I guess such a static_assert for __regex_word would be good to have, yes.

static_assert(upper | lower == alpha); doesn't hold on Windows, _ALPHA is defined as 0x0100 | _UPPER | _LOWER actually.

mstorsjo updated this revision to Diff 403188.Jan 26 2022, 2:49 AM

Added a static assert.

Looks like the static assert is failing on AIX, indicating that the same issue is present there. CC @DanielMcIntosh-IBM @muiez

Would it be ok to land this without the static assert, fixing the issue for one platform at least? Then when the AIX case gets fixed, we can add the static assert. Also CC @daltenty for more AIX people.

muiez added inline comments.Jan 28 2022, 8:23 AM
libcxx/include/__locale
554

On z/OS, the following static_assert passes:

static_assert((__regex_word & ~(space | print | cntrl | upper | lower | alpha | digit | punct | xdigit | blank)) == __regex_word);

However, this one fails:

static_assert((upper | lower) == alpha);

Note: we should place parentheses around the | expression to evaluate it first since == has a higher precedence.

mstorsjo added inline comments.Jan 28 2022, 8:34 AM
libcxx/include/__locale
554

Yep, I added parentheses in that form in the updated patch. But that assert fails on AIX in the precommit testing.

The second assert fails on windows too, so I didn’t include it in the patch.

Would it be ok to land this without the static assert, fixing the issue for one platform at least?
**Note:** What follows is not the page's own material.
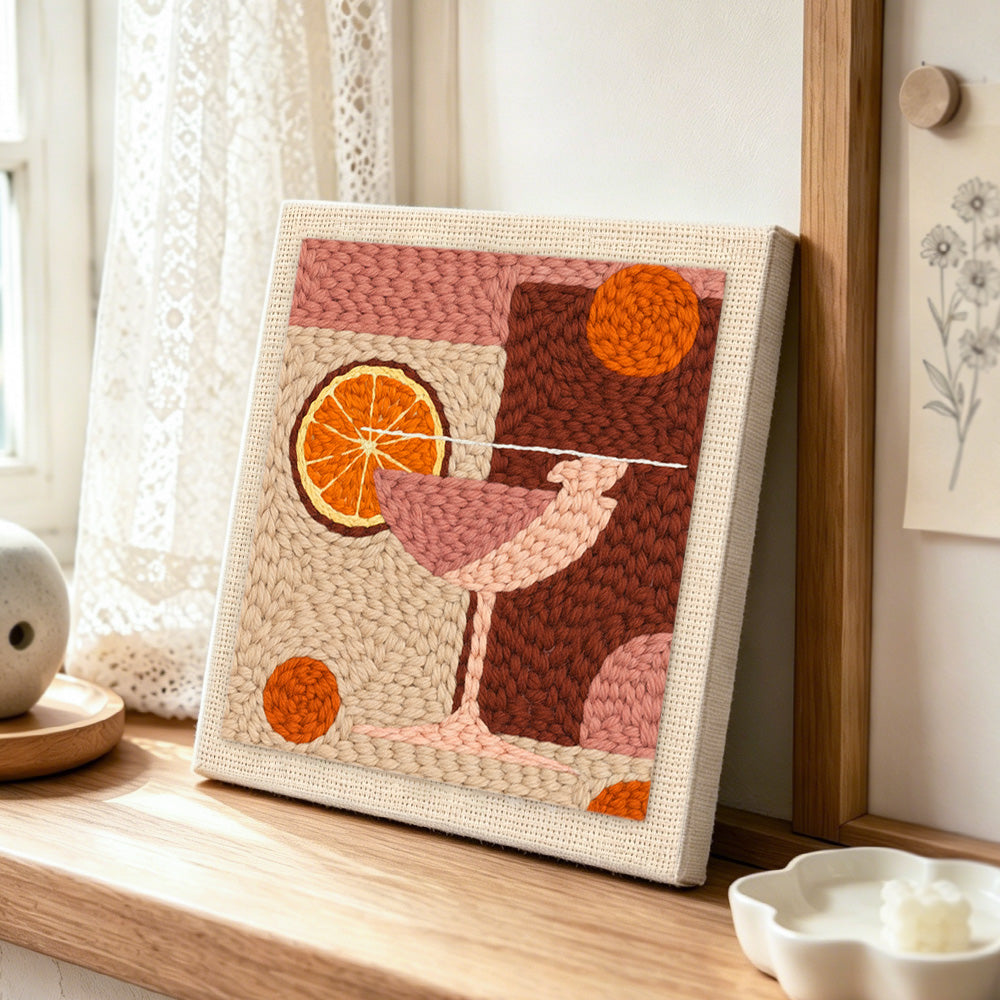 Pink drink with large orange slice punch needle artwork displayed on a table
Then when the AIX case gets fixed, we can add the static assert.

FWIW, I'd prefer to land a static_assert now so we don't forget about it; but guard it under #ifndef _AIX or XFAIL: LIBCXX-AIX-FIXME or something like that (depending on where you put the assert), so that it's greppable for people working on AIX specifically.

Would it be ok to land this without the static assert, fixing the issue for one platform at least? Then when the AIX case gets fixed, we can add the static assert.
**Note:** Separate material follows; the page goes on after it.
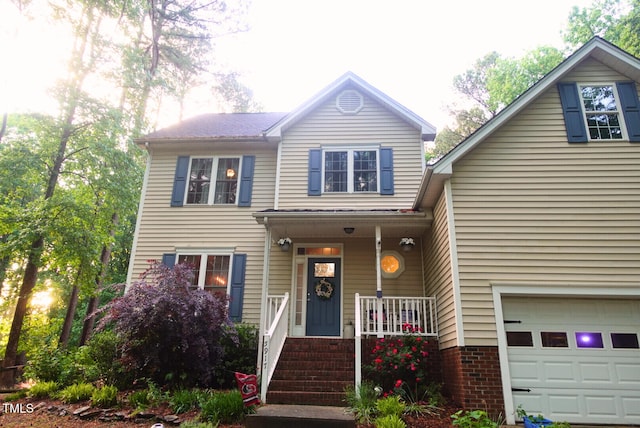 5917 Clearsprings Dr, Wake Forest, NC 27587 - traditional home with covered porch and a garage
FWIW, I'd prefer to land a static_assert now so we don't forget about it; but guard it under #ifndef _AIX or XFAIL: LIBCXX-AIX-FIXME or something like that (depending on where you put the assert), so that it's greppable for people working on AIX specifically.

Oh, right, I could move the assert to a test - I placed it in the header so far, where it broke everything.

Would it be ok to land this without the static assert, fixing the issue for one platform at least? Then when the AIX case gets fixed, we can add the static assert.

FWIW, I'd prefer to land a static_assert now so we don't forget about it; but guard it under #ifndef _AIX or XFAIL: LIBCXX-AIX-FIXME or something like that (depending on where you put the assert), so that it's greppable for people working on AIX specifically.

Oh, right, I could move the assert to a test - I placed it in the header so far, where it broke everything.

Even in the header, it could be guarded by #ifndef _AIX. (That said, a test sounds good too. It'd just have to be in libcxx/test/libcxx/, right? because __regex_word is an implementation detail of libc++. Unless there's a way to regression-test the observable bug that was originally caused by this issue; that would be excellent too.)

mstorsjo updated this revision to Diff 404081.Jan 28 2022, 10:23 AM

Moved the assert into a test, temporarily.

mstorsjo updated this revision to Diff 404257.Jan 29 2022, 5:19 AM

Retry/rerun CI (which got failed on unrelated things last time)

mstorsjo updated this revision to Diff 404261.Jan 29 2022, 6:52 AM

Add a message to the static assert, hopefully fixing building in pre-C++17 modes.

libcxx/test/std/re/re.traits/lookup_classname.pass.cpp
33

(1) Couldn't this go in include/__locale today, just guarded with #if !defined(_AIX) and a TODO comment?
(2) I don't think this can go in libcxx/test/std/ because __regex_word isn't a standard name. It should go in libcxx/test/libcxx/ (unless you just put it in include/__locale).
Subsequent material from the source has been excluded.